Apesar de ser maioria do eleitorado brasileiro – 52,5%, segundo o Tribunal Superior Eleitoral (TSE) – as mulheres ainda são minoria absoluta tanto nos executivos quanto nos legislativos municipais. Apesar de avanços conquistados, inclusive na legislação eleitoral, ainda é pequeno o número de candidaturas femininas.
Das 33 cidades mineiras com mais de 100 mil habitantes, em 21 delas há candidaturas femininas
No Brasil, por exemplo, 33,15% das candidaturas para prefeita, vice-prefeita e vereadoras são lideradas por mulheres, o que não foge do estabelecido pela Lei nº 9.504/1997 que determina que cada partido ou coligação preencha o mínimo de 30% e o máximo de 70% para candidaturas de cada sexo.

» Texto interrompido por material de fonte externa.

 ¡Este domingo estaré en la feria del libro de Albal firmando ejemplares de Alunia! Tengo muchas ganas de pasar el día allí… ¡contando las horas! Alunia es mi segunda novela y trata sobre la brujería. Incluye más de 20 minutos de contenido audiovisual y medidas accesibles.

Em Minas Gerais, conforme estatísticas do TSE, são ao todo 26.301 mulheres candidatas, o que equivale a 32,83% do total. As candidaturas masculinas atingem 67,17%, ou seja, 53.807 homens que irão pleitear vaga nas prefeituras e câmaras municipais do estado.
Desigualdade está na sociedade
A advogada Samara Castro, membro da Comissão de Direito Eleitoral da Ordem dos Advogados do Brasil (OAB) do Rio de Janeiro, ressalta que a participação reduzida das mulheres na política eleitoral reflete as desigualdades sociais que existem entre homens e mulheres na sociedade.

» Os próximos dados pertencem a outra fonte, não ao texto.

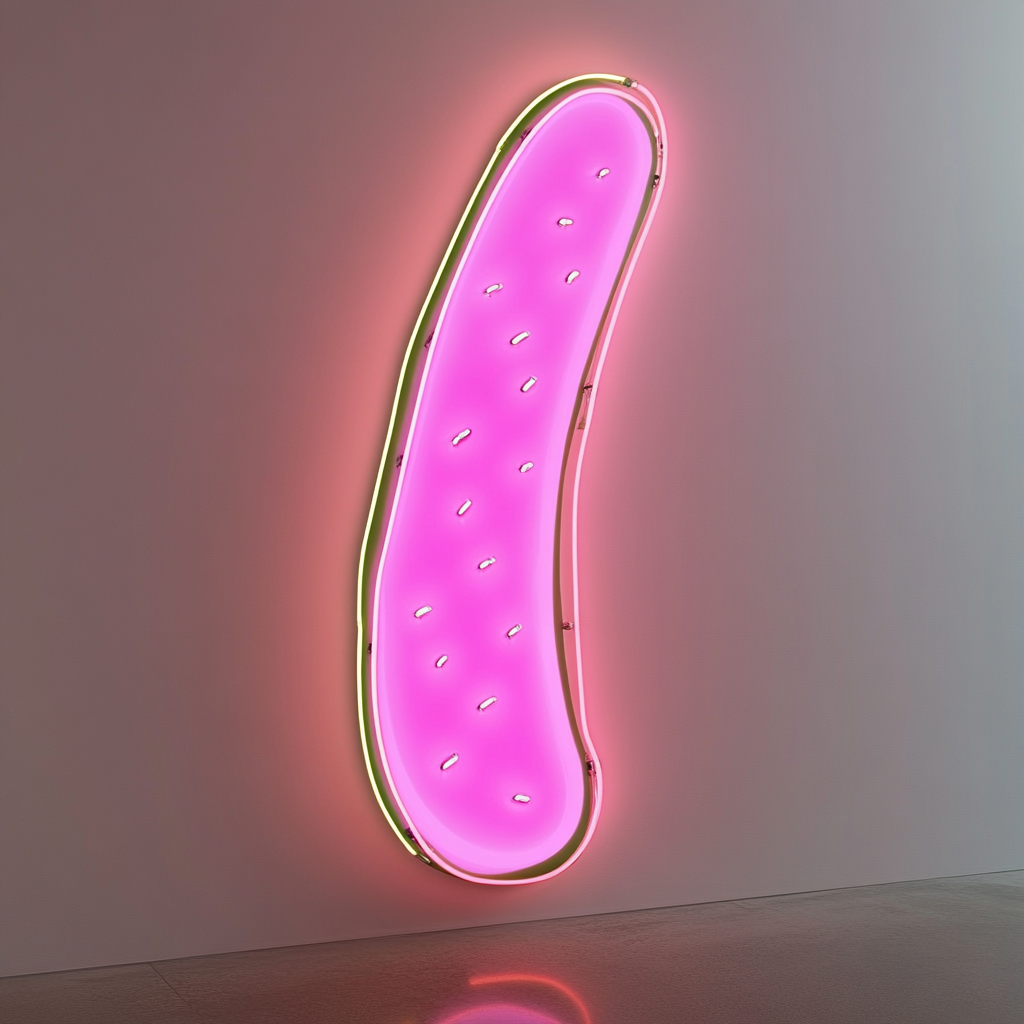 Cucumber Slice - Pink Neon Sign, 24 Inches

“As mulheres, muitas vezes não veem o espaço da política como um espaço para elas. E isso tem a ver muito com questões burocráticas, com a falta de incentivo e de sustento para que essas mulheres se viabilizem como candidatas. Lembrando que, diferentemente dos homens, as mulheres têm muitas outras tarefas, como o trabalho, a casa, os filhos, isso vai cada vez mais afastando elas desses espaços de liderança, de exposição que é a política”, analisa.
As mulheres, muitas vezes não veem o espaço da política como um espaço para elas
Essa dimensão da sobrecarga de trabalho das mulheres, que ainda são as principais responsáveis pelos serviços domésticos, pelo cuidado das crianças e dos idosos, é reforçada por Daniela Rezende, doutora em Ciência Política e professora do Departamento de Ciências Sociais da Universidade Federal de Viçosa. “Essa sobrecarga acaba impedindo que as mulheres disponham de tempo e recursos para poder participar da política institucional”, ressalta.
Além disso, a pesquisadora afirma que desde pequenas, as crianças são socializadas a partir de “papeis tradicionais de gênero”, ou seja, meninas são ensinadas a serem mais recatadas e meigas, enquanto meninos são estimulados a terem mais autoconfiança e serem determinados.
“Essa socialização de gênero acaba convergindo com o imaginário de que a política é um espaço predominantemente masculino. Isso tem a ver com quando a gente olha para quem ocupa os cargos na política institucional a maioria são homens brancos, de meia idade. A gente tende a ver a política como um espaço masculino, que não é permeável à entrada das mulheres”, analisa Daniela.
Legislação
Desde os anos 1990, a legislação eleitoral passou por algumas mudanças que visaram aumentar a participação política das mulheres, como a cota de gênero – que estabelece mínimo de 30% e máximo de 70% para candidaturas de cada sexo, como já citado – e a destinação de verbas do Fundo Partidário para as mulheres, que deve seguir a porcentagem das candidaturas.
No entanto, segundo Daniela, a legislação eleitoral brasileira não é favorável à participação de minorias. Para ela, os partidos ainda são organizações muito masculinas, sendo que as mulheres são sub-representadas também nos espaços de decisão intrapartidários.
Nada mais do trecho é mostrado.